"Can you have it stopped and the man arrested? Don't you see? They've rebuilt this partition. They were taking away in that wagon the planks with the bullet holes."
Muldoon was out of the room and going down the stairs before she had finished speaking. It was a quarter of an hour later when he returned. Beatrice and her father were not to be seen.
From back of the partition came an eager, vibrant voice. "Is that you, Mr. Muldoon? Come here quick. We've found one of the bullets in the wall."
The policeman passed out of the door through which Bromfield had made his escape and found another small door opening from the passage. It took him into the cubby-hole of a room in which were the wires and instruments used to receive news of the races.
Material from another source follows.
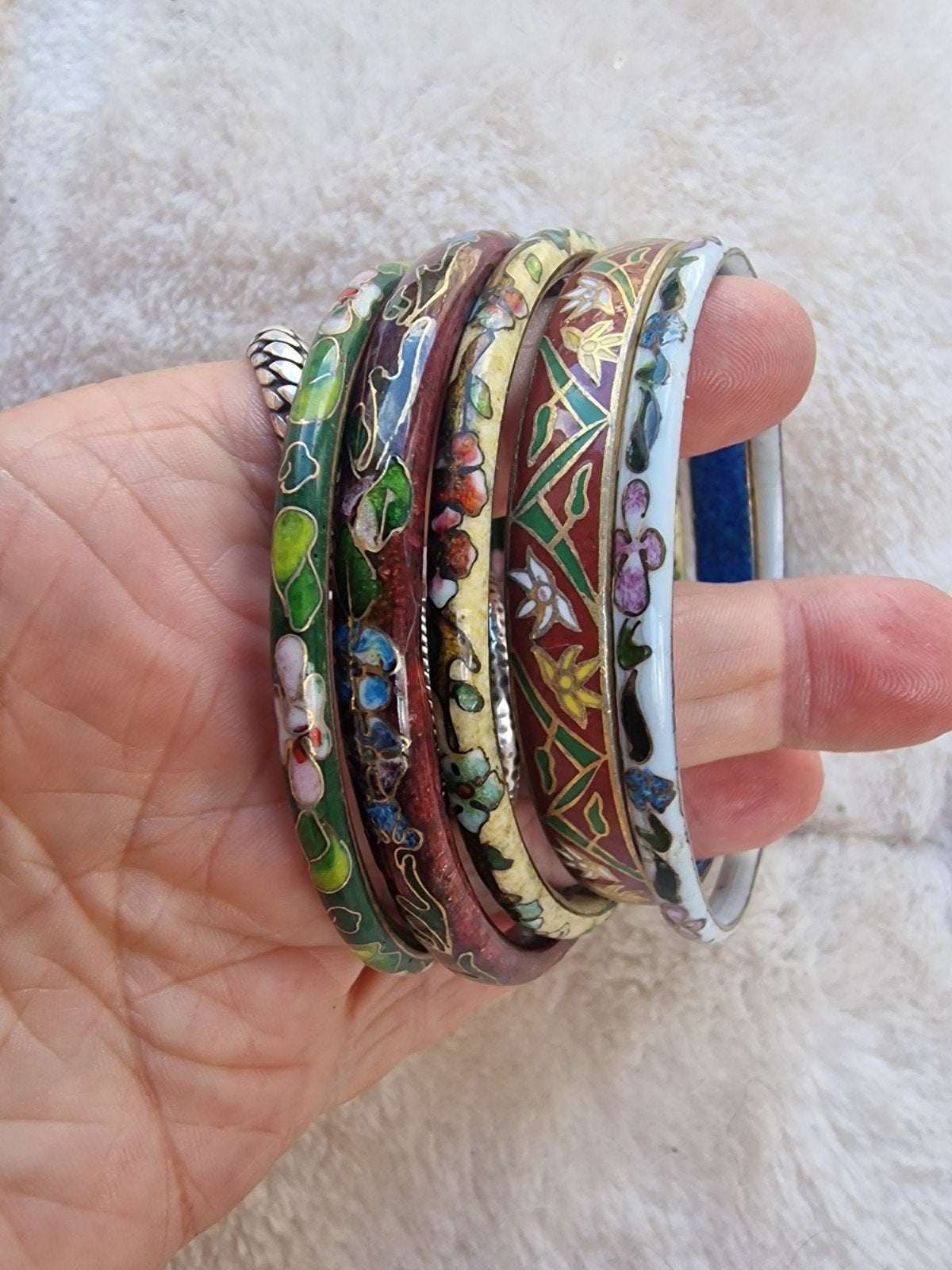 Set van 5 emaille armbanden met bloemmotief, Sieraden, Tassen en Uiterlijk, Armbanden, Ophalen of Verzenden, Gebruikt, Overige kleuren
"What about the express wagon?" asked Whitford.
"We'll get it. Word is out for those on duty to keep an eye open for it. Where's the bullet?"
Beatrice pointed it out to him. There it was, safely embedded in the plaster, about five feet from the ground.
"Durand wasn't thorough enough. He quit too soon," said the officer with a grin. "Crooks most always do slip up somewhere and leave evidence behind them. Yuh'd think Jerry would have remembered the bullet as well as the bullet hole."
They found the mark of the second bullet too. It had struck a telephone receiver and taken a chip out of it.
They measured with a tape-line the distance from the floor and the side walls to the place where each bullet struck. Tim dug out the bullet they had found.